After the festive service, Metropolitan Hilarion delivered an archpastoral homily:
‘No one has seen God at any time’ (Jn. 1:18). We hear these words in the reading from the Gospel on the second day of Easter when we continue celebrating the Resurrection of Christ. By these words St. John the Theologian tells us that God by His nature is invisible and incomprehensible.
‘No one has seen God at any time. The only begotten Son, who is in the bosom of the Father, He has declared Him’. The apostle testifies that the true knowledge of God is possible only in Christ, as no one has ever seen the invisible God, God the Father. He is inscrutable and incomprehensible, and no human power, either that of the intellect or heart, can come to the knowledge of God and see Him as He is.
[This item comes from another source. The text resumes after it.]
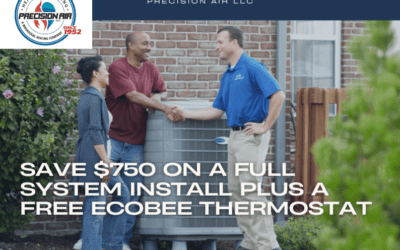 For a Limited Time – HVAC Savings Until 8/31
When the Lord revealed Himself to Moses on Mount Sinai, He said to him, ‘No man shall see Me, and live…Here is a place by Me, and you shall stand on the rock. So it shall be, while My glory passes by, that I will put you in the cleft of the rock, and will cover you with My hand while I pass by. Then I will take away My hand, and you shall see My back; but My face shall not be seen’ (Ex. 33:20-23). Moses, having ascended Mount Sinai, heard thunders and lightenings and then the glory of the Lord passed before him. He did not see the face of God but he saw the glory and trembled before it. He felt the might of God and his own powerlessness before this might. He confessed One True God and then told the people and the whole humanity about it.
This is how God revealed Himself to human beings in the Old Testament, but in the New Testament he did reveal to us His face. That was not the face of invisible God but that of the visible man Jesus Christ, God who became man, the One Who dwelt in the two natures, unmixed, unchanged, undivided, and inseparable, and revealed to humanity at the same time the Face of God and the face of man. That was the face of such a human being as every one of us should ideally be, that is, a human being entirely like God. That was the Person of God as human beings should know Him, that is, entirely close to the human being.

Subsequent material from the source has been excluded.